**Description of the task**
Every line of the listing below should be written out exactly.

● ● ● ● ●

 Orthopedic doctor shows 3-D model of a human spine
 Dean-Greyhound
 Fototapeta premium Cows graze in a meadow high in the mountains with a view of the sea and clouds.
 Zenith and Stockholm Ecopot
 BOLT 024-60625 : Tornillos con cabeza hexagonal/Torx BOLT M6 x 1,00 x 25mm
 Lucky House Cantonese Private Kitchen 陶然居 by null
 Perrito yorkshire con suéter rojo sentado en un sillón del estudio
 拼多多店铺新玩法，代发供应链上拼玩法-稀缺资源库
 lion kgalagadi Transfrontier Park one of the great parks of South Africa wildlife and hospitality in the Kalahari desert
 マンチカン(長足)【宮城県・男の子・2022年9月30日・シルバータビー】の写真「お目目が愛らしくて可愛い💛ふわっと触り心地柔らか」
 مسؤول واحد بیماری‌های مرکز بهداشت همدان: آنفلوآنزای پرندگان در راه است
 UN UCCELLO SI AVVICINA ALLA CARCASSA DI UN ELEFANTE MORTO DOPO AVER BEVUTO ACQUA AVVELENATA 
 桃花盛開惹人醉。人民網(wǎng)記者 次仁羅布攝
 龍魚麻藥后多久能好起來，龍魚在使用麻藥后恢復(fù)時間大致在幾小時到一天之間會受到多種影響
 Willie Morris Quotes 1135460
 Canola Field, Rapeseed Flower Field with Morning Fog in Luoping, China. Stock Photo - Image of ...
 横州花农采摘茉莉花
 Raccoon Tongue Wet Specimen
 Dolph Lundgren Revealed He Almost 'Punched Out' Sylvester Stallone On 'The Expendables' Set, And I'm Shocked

● ● ● ● ●

**Written response**
 Orthopedic doctor shows 3-D model of a human spine
 Dean-Greyhound
 Fototapeta premium Cows graze in a meadow high in the mountains with a view of the sea and clouds.
 Zenith and Stockholm Ecopot
 BOLT 024-60625 : Tornillos con cabeza hexagonal/Torx BOLT M6 x 1,00 x 25mm
 Lucky House Cantonese Private Kitchen 陶然居 by null
 Perrito yorkshire con suéter rojo sentado en un sillón del estudio
 拼多多店铺新玩法，代发供应链上拼玩法-稀缺资源库
 lion kgalagadi Transfrontier Park one of the great parks of South Africa wildlife and hospitality in the Kalahari desert
 マンチカン(長足)【宮城県・男の子・2022年9月30日・シルバータビー】の写真「お目目が愛らしくて可愛い💛ふわっと触り心地柔らか」
 مسؤول واحد بیماری‌های مرکز بهداشت همدان: آنفلوآنزای پرندگان در راه است
 UN UCCELLO SI AVVICINA ALLA CARCASSA DI UN ELEFANTE MORTO DOPO AVER BEVUTO ACQUA AVVELENATA 
 桃花盛開惹人醉。人民網(wǎng)記者 次仁羅布攝
 龍魚麻藥后多久能好起來，龍魚在使用麻藥后恢復(fù)時間大致在幾小時到一天之間會受到多種影響
 Willie Morris Quotes 1135460
 Canola Field, Rapeseed Flower Field with Morning Fog in Luoping, China. Stock Photo - Image of ...
 横州花农采摘茉莉花
 Raccoon Tongue Wet Specimen
 Dolph Lundgren Revealed He Almost 'Punched Out' Sylvester Stallone On 'The Expendables' Set, And I'm Shocked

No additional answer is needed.